What are some of the prediction we can make form this model: just like the abundant literature on U= E x V in decision making and action selection literature, we should be able to show the independent and interacting effects of Expectancy and Relevance on attention-grabbing properties of stimulus. The relevance of different stimuli can be manipulated by pairing them with UCR/UCS that has different degrees of relevance. The expectancy can be differentially manipulated by the strength of conditioning; more trials would mean that the association between the CS and UCS is strong; also the level of arousal may bias the ability to attend to stimuli. I am sure that there is much to learn in attention research from the research on decision-making and action-selection and the reverse would also be true. It may even be that attention-allocation is actually conceptualized in the above terms; if so I plead ignorance of knowledge of this sub-field and would love to get a few pointers so that I can refine my thinking and framework.
Also consider the fact that there is already some literature implicating dopamine in attention and the fact that dopamine dysfunction in schizophrenia, ADHD etc has cognitive and attentional implications is an indication in itself. Also, the contextual salience of drug-related cues may be a powerful effect of dapomine based classical conditioning and attention allocation hijacking the normal dopamine pathways in addicted individuals.
Lastly, I got set on this direction while reading an article on chaining of actions to get desired outcomes and how two different brain systems ( a cognitive (Prefrontal) high road one based on model-based reinforcement learning and a unconscious low road one (dorsolateral striatal) based on model-free reinforcement learning)may be involved in deciding which action to choose and select.
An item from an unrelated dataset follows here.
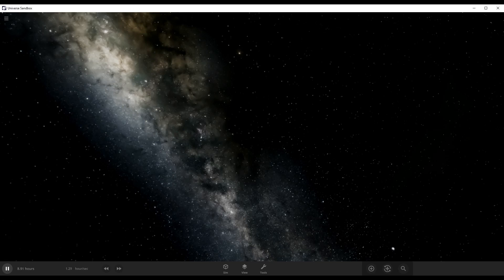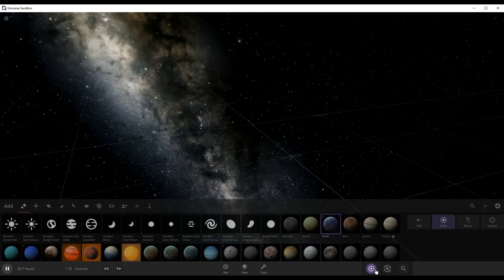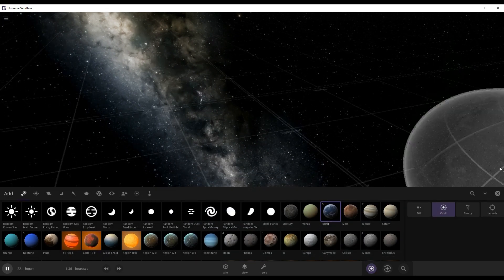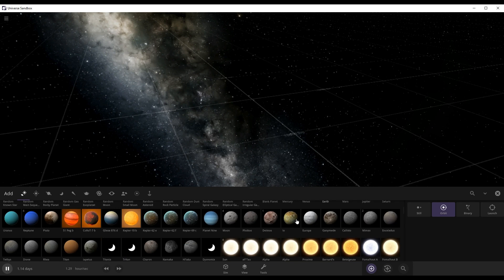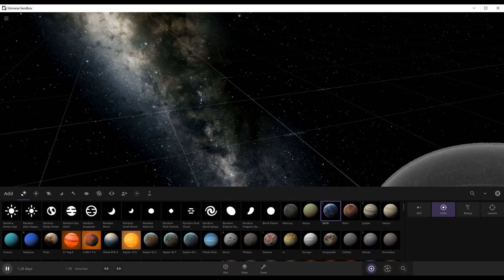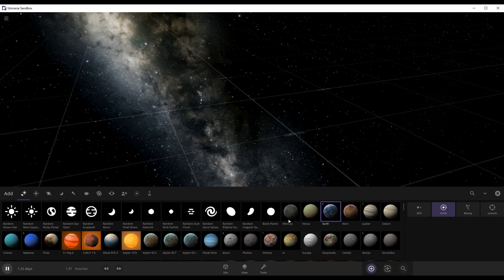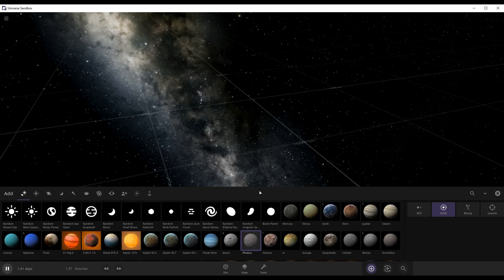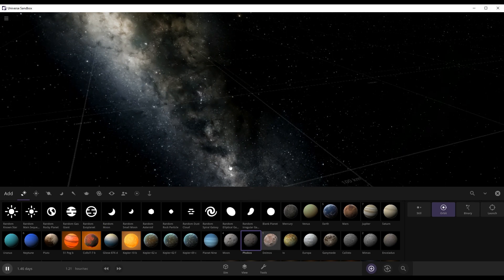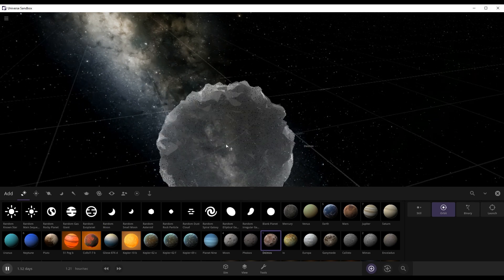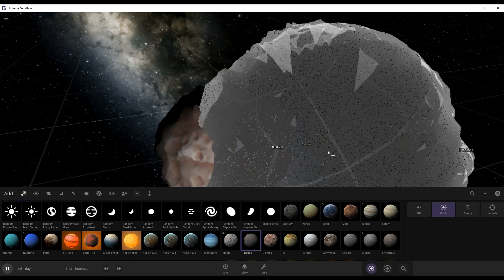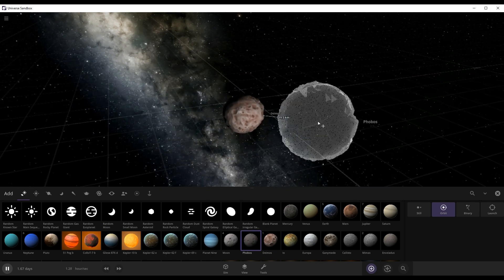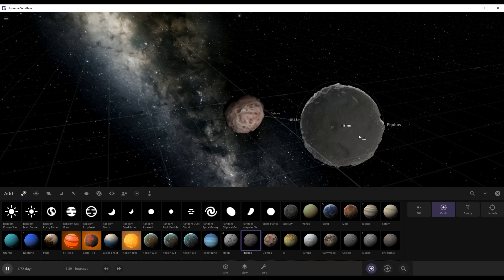In this video we're going to go from the smallest object in the solar system in the universe to the biggest object in the universe. Let's get started. So firstly I'm just going to start with the smallest of moons, Deimos goes first and then Phobos. Phobos is bigger.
I believe that the same conundrum would present itself when one turns attention to the attention allocation problem, where stimuli are chained together and predict each other in succession); I would predict that there would be two roads involved here too! but that is matter for a future post. for now, would love some honest feedback on what value, if any, this new conceptualization adds to what we already know about attention allocation.